Sounds like a typical GSD puppy! Good advice to get him to a class so YOU can learn how to teach him the right behavior.

Definetly DO NOT HIT your puppy - he doesn't know any better yet and hitting him will just cause all kinds of problems.


----------



## Cassidy's Mom (Mar 30, 2003)

Andy Assur said:


> He has also started to growl when we play tug of war with the rope, I don't know if that may have something to do with it. He never use to growl. He also use to release the rope when I said so but now no matter how much I try he will not release unless by force.


Is this a play growl or a for real growl? My dogs growl during play all the time, but it's all in fun. At 3-1/2 months old I wouldn't expect him to have a perfect "out" with a toy. Rather than trying to get it away from him by force, how about teaching him to do it on cue by putting a yummy treat right up to his nose. When he drops the toy to take the treat, mark it ("yes!"), let him have the treat, and then release him to take the toy again. Do this over and over again. As soon as he's consistently giving up the toy for a treat start phasing out the food reward and have continuation of play be the reward for outing the toy. 

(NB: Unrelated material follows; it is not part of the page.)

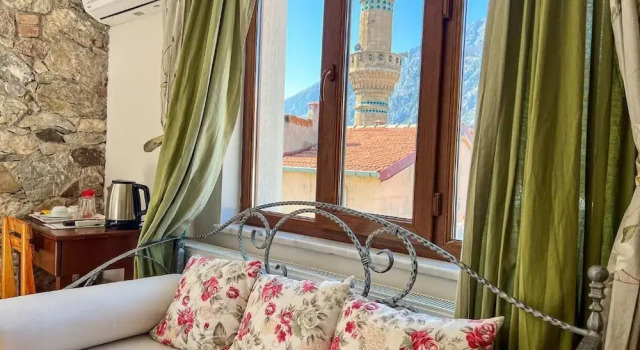 Трёхместный номер Standard с частичным видом Fulya Pension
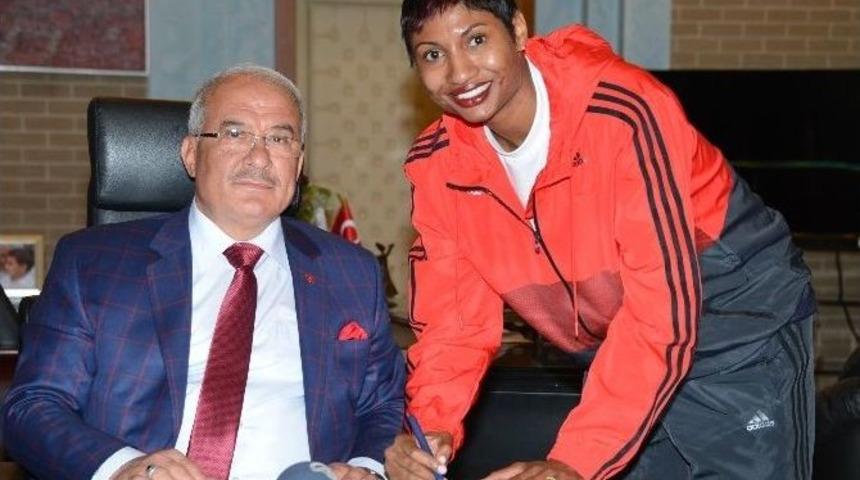 Atlanta Dream&rsquo;in Yıldız Oyuncusu Angel Mccoughtry Mersin B&uuml;y&uuml;kşehir&rsquo;de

> I was advised to hit the dog when things like this happen but I really can't bring myself to do that, nor do I think its the correct thing to do.


No, it's not, and good for you for knowing that. He's just a baby! I've had leash chewers before and it's extremely frustrating. He'll probably outgrow it, but in the meantime you can teach him to carry a toy in his mouth instead, use a chain leash that's not so fun to chew, or keep him engaged with you by being fast, fun, and unpredictable so he forgets about chewing his leash.


----------



## Andy Assur (Jun 10, 2011)

Thanks for the feedback. His release of the rope was never perfect and he would only out when I gave him treats but now treats don't even work. he's play growled before many times, mostly when on the rope, but this incident was definitely a real growl. Now that he's out of his crate and walking around he's quite calm, it was like he was a different puppy. I think I will be giving a chain a go. I don't want my arm used as a chew toy, there are too many cuts to count. 

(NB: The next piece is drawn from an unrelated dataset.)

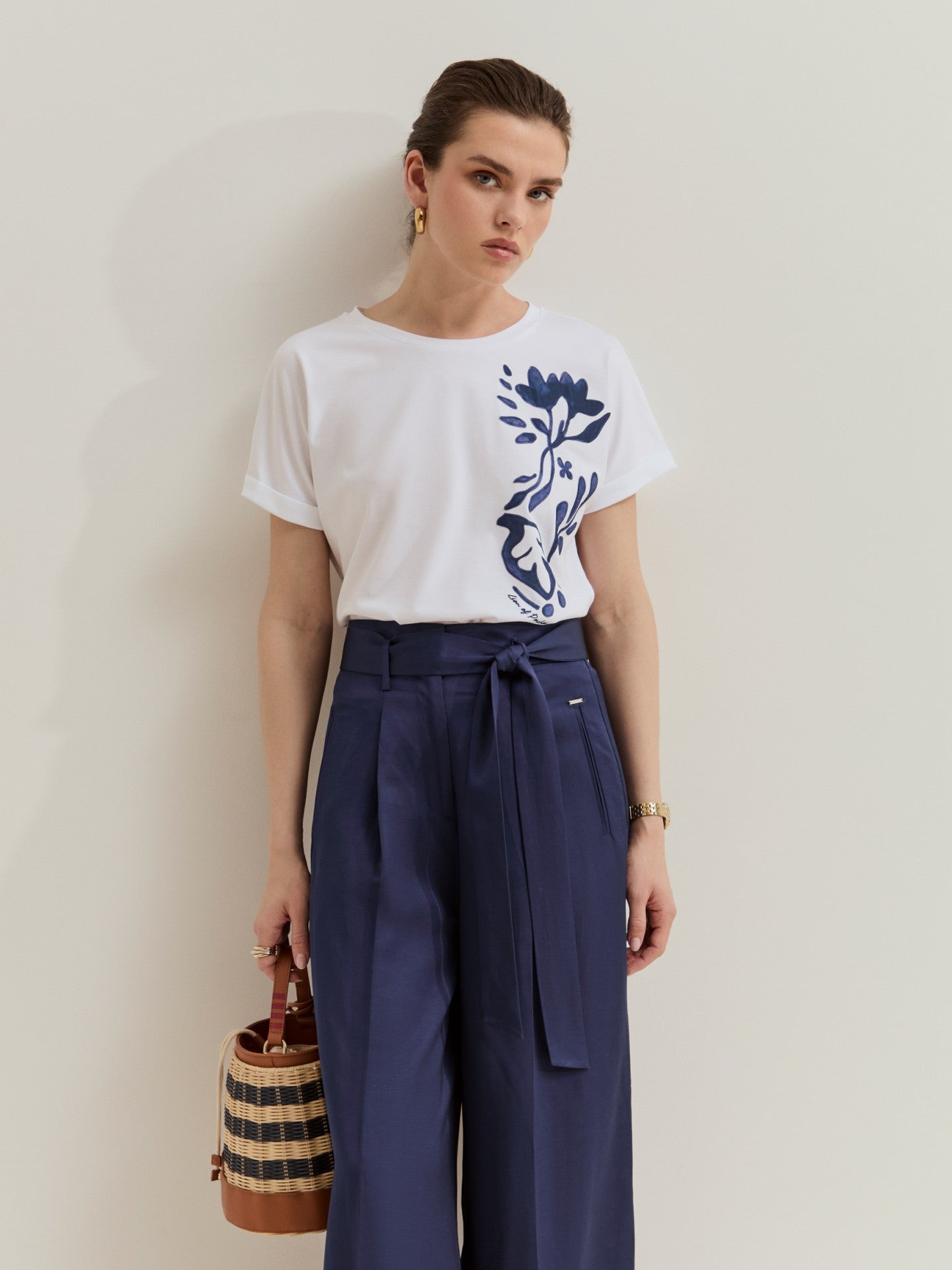 T-shirt em algodão com aplicação floral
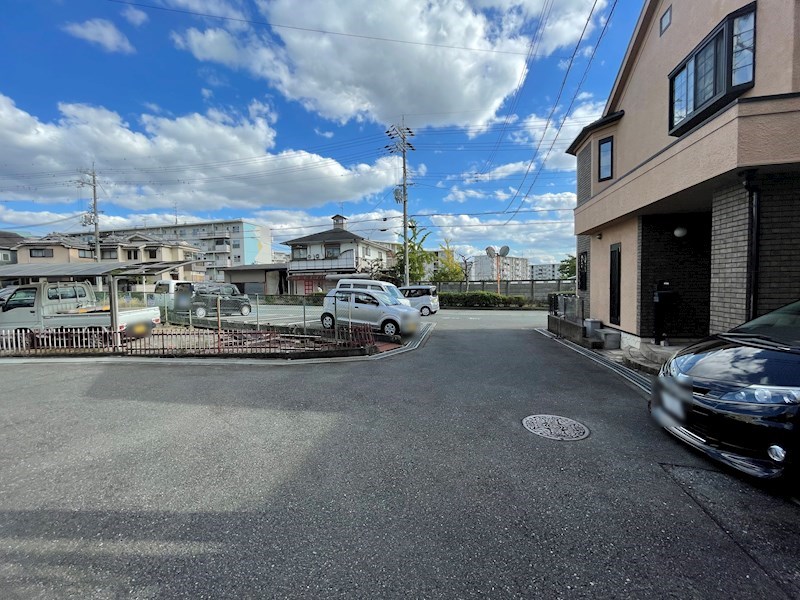 茨木市南安威3丁目　中古一戸建 現地写真（前面道路含む現地写真）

I have read that running with the puppy is not a good idea as it would damage his joints or something like that which is why I stick to walking for now, or is that a myth?

As for obedience training is it something I must do or is there a way around it as I'm sure its going to be costly and I'm an out of work student. but if it is definitely crucial I guess I'll find a way. 

Would feeding him raw meat have anything to do with it? He was on kibble for 3 months and had never done anything like this but coincidentally after 3 weeks on the barf diet he nipped me good. or is that all that is, a coincidence. My folks are pressuring me to get rid of him but I seriously love the guy too much so I need him to behave or ill have to move out with him somehow.


----------



## Mrs.K (Jul 14, 2009)

No, it has nothing to do with raw meet, that is an urban legend. 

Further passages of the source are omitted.